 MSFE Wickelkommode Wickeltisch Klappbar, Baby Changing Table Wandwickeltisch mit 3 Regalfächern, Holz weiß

#####

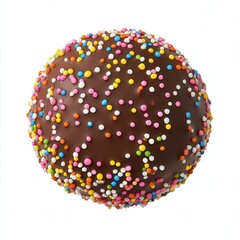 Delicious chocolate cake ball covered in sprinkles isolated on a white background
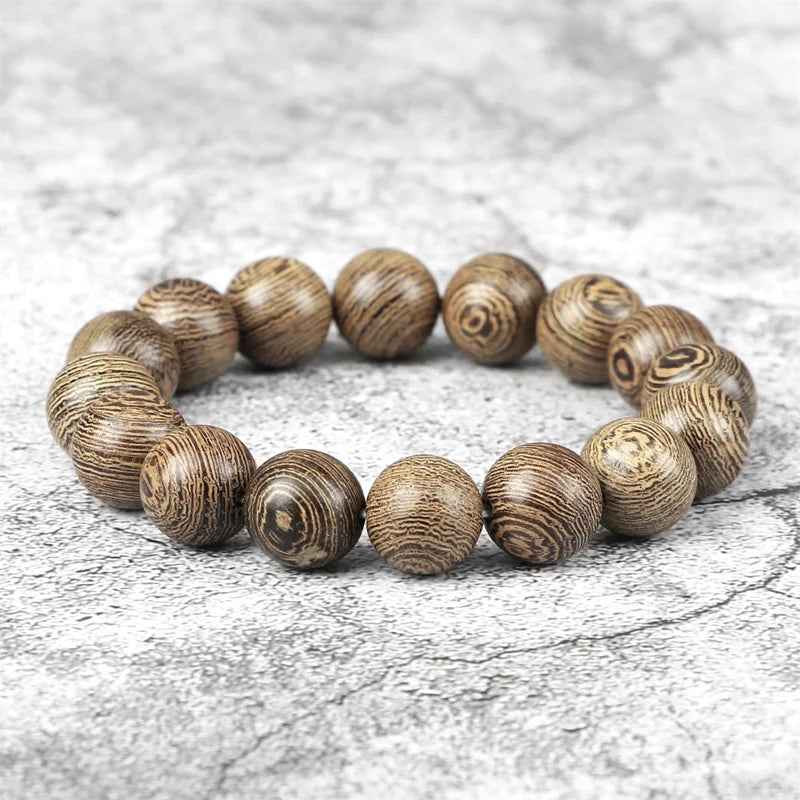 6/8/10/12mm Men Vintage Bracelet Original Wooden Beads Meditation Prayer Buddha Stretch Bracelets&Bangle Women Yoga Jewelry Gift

#####

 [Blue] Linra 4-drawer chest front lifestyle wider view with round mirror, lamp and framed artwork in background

#####

Work order
A verbatim reproduction is expected: starting at the line above that has "Delicious chocolate cake", ending at the line that has "6/8/10/12mm Men Vintage", both included, and with no pictures and no other lines.

Completed task
 Delicious chocolate cake ball covered in sprinkles isolated on a white background
 6/8/10/12mm Men Vintage Bracelet Original Wooden Beads Meditation Prayer Buddha Stretch Bracelets&Bangle Women Yoga Jewelry Gift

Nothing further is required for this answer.